Simon Désert
- Born: 7 February 2001 (age 25)
- Height: 1.84 m (6 ft 0 in)
- Weight: 80 kg (176 lb)

Rugby union career
- Position: Winger

Senior career
- Years: Team / Apps / (Points)
- US Carcassonne

National sevens team
- Years: Team /  / Comps
- 2024-: France 7s

= Simon Désert =

French rugby player (born 2001

Simon Désert (born 7 February 2001) is a French rugby union player. He plays as a winger for US Carcassonne and the France national rugby sevens team. He was nominated for try of the year for the 2024-25 SVNS series.

==Early life==
He started playing rugby as a six year-old in Trèbes, encouraged by his father Yannick who was also a rugby player. He attended RC Alaric rugby school in Capendu on a weekly basis, before his family relocated to Barbaira.

==Career==
Désert plays club rugby union for US Carcassonne as a winger. He joined Carcassonne as a 15 year-old, before having spells at Béziers and then Stade Toulousain before returning to Carcassonne. He also played for France at under-18 level.

He was a member of the France rugby sevens Development team which won the first stage of the 2024 Rugby Europe Sevens Championship Series which took place from June 7–9, 2024, in Makarska, Croatia, defeating Ireland 12-7 in the final. In the second leg of the championships in Hamburg, Germany the same month he scored a try in the final as France lost to Ireland, but the French side were crowned European champions, on scoring difference across the two events.
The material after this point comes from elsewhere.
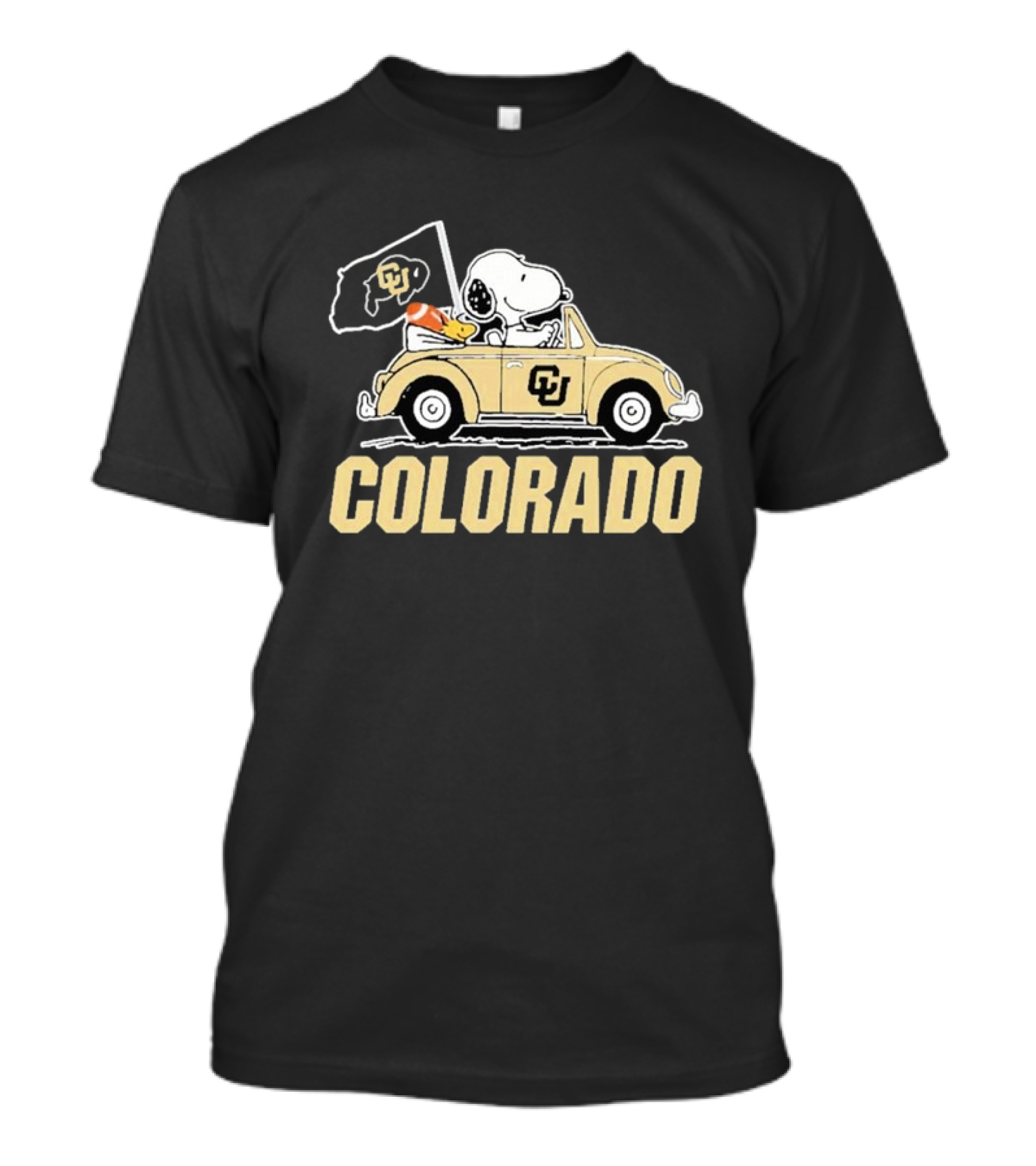 Snoopy And Woodstock Driving Colorado Buffaloes Car With CU Flag T-Shirt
He made his debut at the South Africa Sevens in Cape Town for the France national rugby sevens team in December 2024. During that tournament he scored a try against Fiji in the semi-final for which he earned a nomination for the best try of the year for the 2024-25 SVNS series. He also played as France reached the final of the Hong Kong sevens in March 2025.